WHAT YOU ARE ASKED TO DO: Under this line is a listing; return exactly the lines starting at the one with "this 740×500 image." and running down to the one with "this 600×450 image.", and leave out its pictures.

DATA PROVIDED:
----------------------------------------
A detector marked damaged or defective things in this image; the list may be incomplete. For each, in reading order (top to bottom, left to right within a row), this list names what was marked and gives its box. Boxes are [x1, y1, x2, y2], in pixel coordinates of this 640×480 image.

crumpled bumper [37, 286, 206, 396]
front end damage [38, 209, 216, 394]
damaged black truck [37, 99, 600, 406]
----------------------------------------
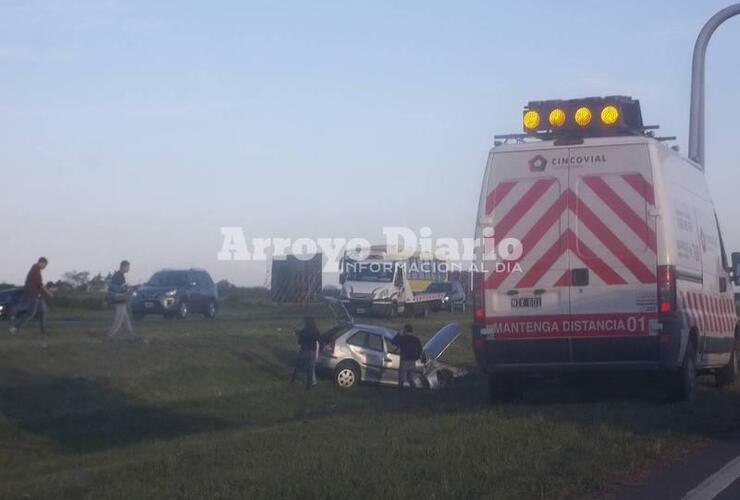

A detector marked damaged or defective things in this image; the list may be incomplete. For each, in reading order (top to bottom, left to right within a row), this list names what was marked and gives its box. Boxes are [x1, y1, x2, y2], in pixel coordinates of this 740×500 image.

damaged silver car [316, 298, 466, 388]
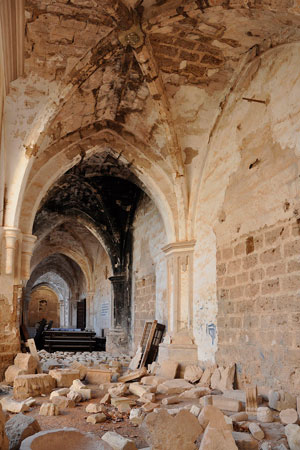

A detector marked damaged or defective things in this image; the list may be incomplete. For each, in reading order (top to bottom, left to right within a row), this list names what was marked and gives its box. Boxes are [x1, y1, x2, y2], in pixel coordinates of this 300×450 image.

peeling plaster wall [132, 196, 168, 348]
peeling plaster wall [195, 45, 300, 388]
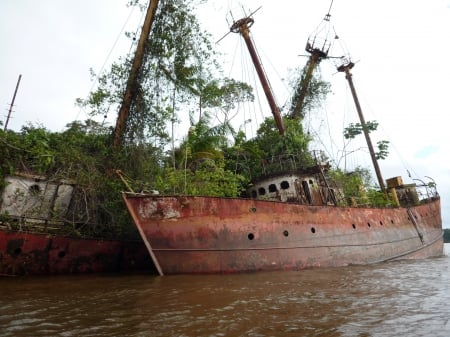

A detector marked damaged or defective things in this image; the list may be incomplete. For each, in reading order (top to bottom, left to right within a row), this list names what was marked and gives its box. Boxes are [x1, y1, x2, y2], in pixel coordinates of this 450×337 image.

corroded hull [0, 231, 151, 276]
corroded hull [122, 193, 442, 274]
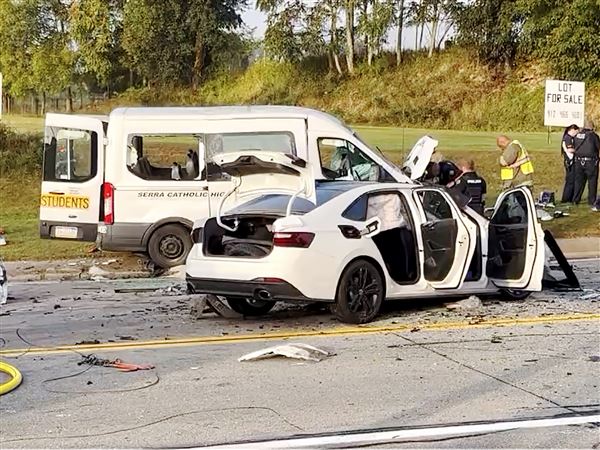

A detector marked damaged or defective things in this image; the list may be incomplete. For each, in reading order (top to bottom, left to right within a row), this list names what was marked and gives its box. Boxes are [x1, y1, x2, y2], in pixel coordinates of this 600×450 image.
----------------------------------------
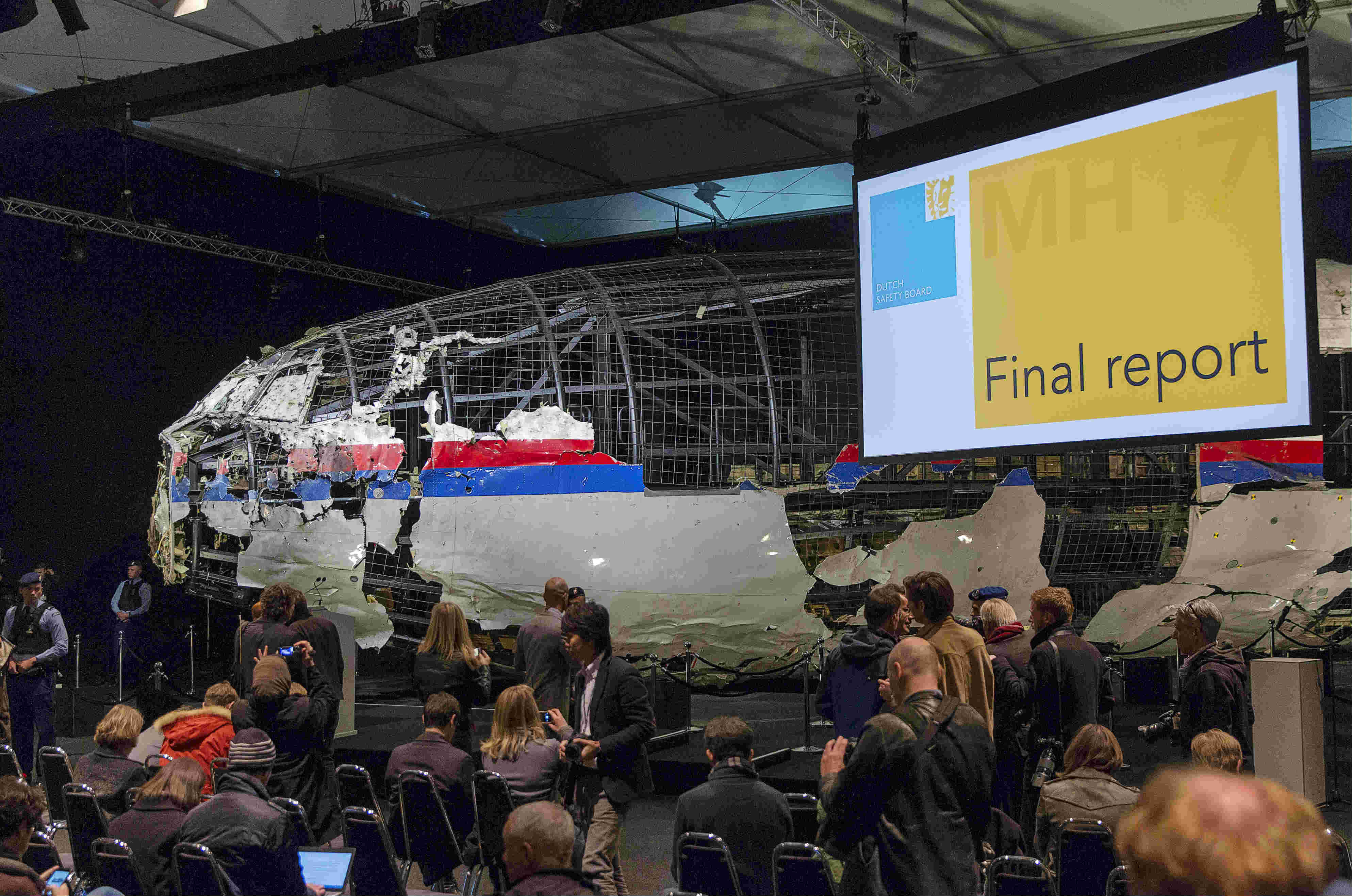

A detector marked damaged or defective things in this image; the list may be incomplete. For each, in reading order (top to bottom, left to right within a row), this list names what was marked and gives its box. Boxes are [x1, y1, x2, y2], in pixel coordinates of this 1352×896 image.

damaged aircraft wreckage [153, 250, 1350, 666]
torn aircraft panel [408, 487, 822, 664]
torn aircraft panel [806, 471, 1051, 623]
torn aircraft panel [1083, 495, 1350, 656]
----------------------------------------
ANSWER SPACE:
A detector marked damaged or defective things in this image; the list may be incomplete. For each, in reading order (top to bottom, left to right within a row), this list names what was marked and gives its box. Boxes are [x1, y1, x2, y2], in pixel coordinates of this 740×500 image.

damaged silver car [316, 298, 466, 388]

A detector marked damaged or defective things in this image; the list may be incomplete. For each, in reading order (top to bottom, left to right within a row), this list names what was marked and gives its box. Boxes are [x1, y1, x2, y2], in pixel coordinates of this 300×450 image.

peeling plaster wall [132, 196, 168, 348]
peeling plaster wall [195, 45, 300, 388]

A detector marked damaged or defective things in this image; the list may be incomplete. For each, in reading order (top to bottom, left to right within a row), this list names what was marked and gives its box. Boxes are [x1, y1, x2, y2], in pixel coordinates of this 450×337 image.

corroded hull [0, 231, 151, 276]
corroded hull [122, 193, 442, 274]

A detector marked damaged or defective things in this image; the list may be incomplete. For each, in reading order (top to bottom, left to right within a row), this list names what was marked and gives its box. Boxes are [x1, y1, x2, y2], in pixel coordinates of this 600×450 image.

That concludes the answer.